Mpondomise Mpondomise - 29 days ago 10
Python Question

python convert one json structure to a nested structure

how can I convert the following json format to the target format below? I have 50 thousand entries.

Basically, get the unique country from each array and include all other with the same country name under one array.

original json:

[
{
"unilist": [
{
"country": "United States",
"name": "The College of New Jersey",
"web_page": "http://www.tcnj.edu"
},
{
"country": "United States",
"name": "Abilene Christian University",
"web_page": "http://www.acu.edu/"
},
{
"country": "United States",
"name": "Adelphi University",
"web_page": "http://www.adelphi.edu/"
},
{
"country": "China",
"name": "Harbin Medical University",
"web_page": "http://www.hrbmu.edu.cn/"
},
{
"country": "China",
"name": "Harbin Normal University",
"web_page": "http://www.hrbnu.edu.cn/"
}
...
]
}
]


target format:

{
"unilist" : {
"United States" : [
{"name" : "The College of New Jersey", "web_page" : "http://www.tcnj.edu"},
{"name" : "Abilene Christian University", "web_page" : "http://www.acu.edu/"},
{"name" : "Adelphi University", "web_page" : "http://www.adelphi.edu/"}
],
"China" : [
{"name" : "Harbin Medical University", "web_page" : "http://www.hrbnu.edu.cn/"}
],
...
}
}


update



my attempt (in Python 2.7.11) based on the answer provided by downshift, however it is not working as expected, I get the following typeError:

from collections import defaultdict
import json
from pprint import pprint

with open('old_list.json') as orig_json:
newlist = defaultdict(list)

for country in orig_json[0]['unilist']:
newlist[country['country']].append({'name': country['name'], 'web_page': country['web_page']})

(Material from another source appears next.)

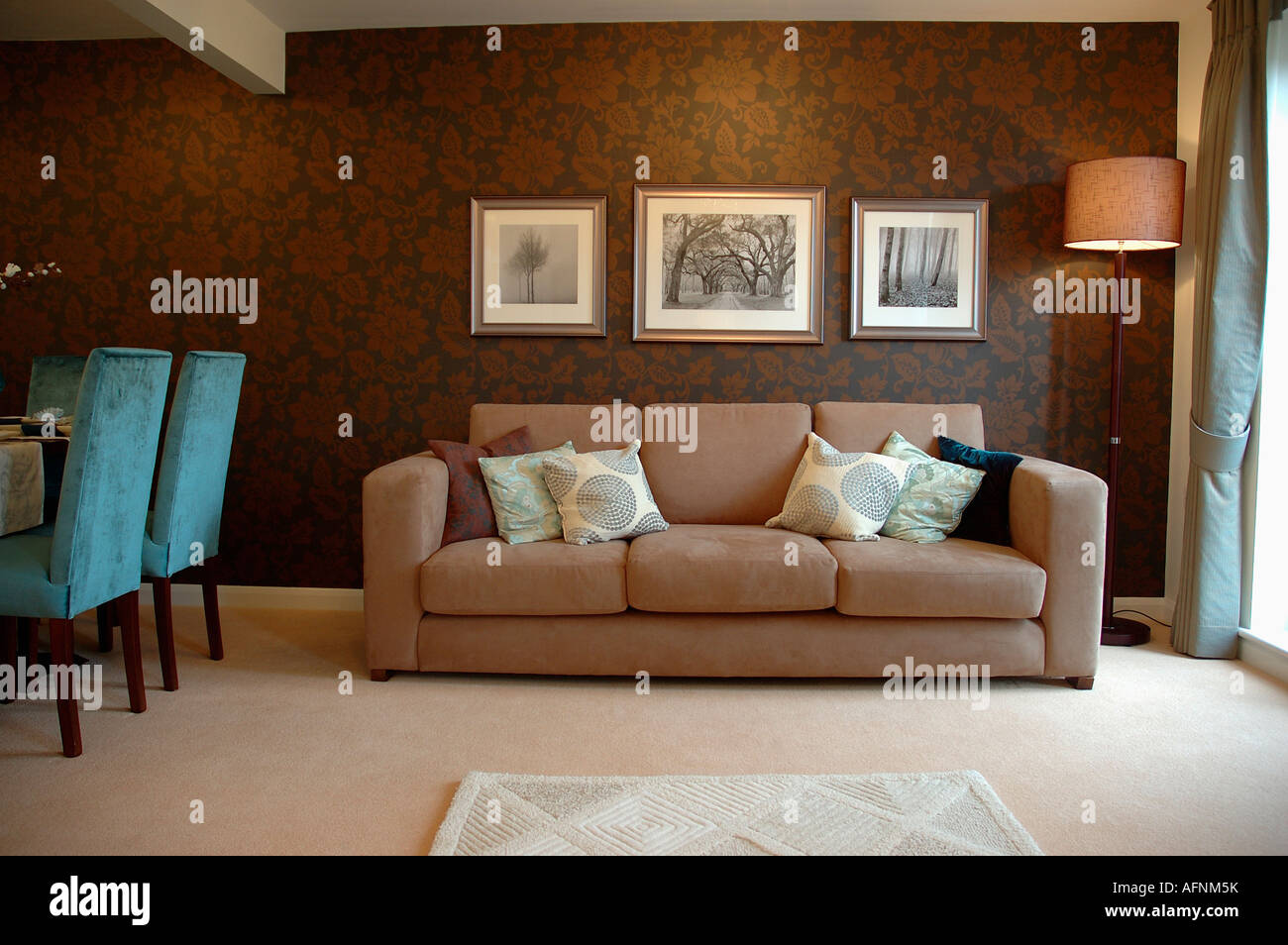 Modern Apartment Livingroom With Patterned Brown Wallpaper And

with open('new_list.json', 'w') as fp:
json.dump(newlist,fp)


pprint.pprint(dict(newlist))




TypeError:

Traceback (most recent call last):
File "convert.py", line 8, in <module>
for country in orig_json[0]['unilist']:
TypeError: 'file' object has no attribute '__getitem__'

Answer

This produces almost the same target output, only it's missing the "unilist" key. But at least it does group entries by country:

from collections import defaultdict

newlist = defaultdict(list)

for country in orig_json[0]['unilist']:
    newlist[country['country']].append({'name': country['name'], 'web_page': country['web_page']})

import pprint
pprint.pprint(dict(newlist))

output:

{'China': [{'name': 'Harbin Medical University',
            'web_page': 'http://www.hrbmu.edu.cn/'},
           {'name': 'Harbin Normal University',
            'web_page': 'http://www.hrbnu.edu.cn/'}],
 'United States': [{'name': 'The College of New Jersey',
                    'web_page': 'http://www.tcnj.edu'},
                   {'name': 'Abilene Christian University',
                    'web_page': 'http://www.acu.edu/'},
                   {'name': 'Adelphi University',
                    'web_page': 'http://www.adelphi.edu/'}]}

I'll update this answer if I get figure out a better way to get the exact target output. In the meantime, I hope this helps you.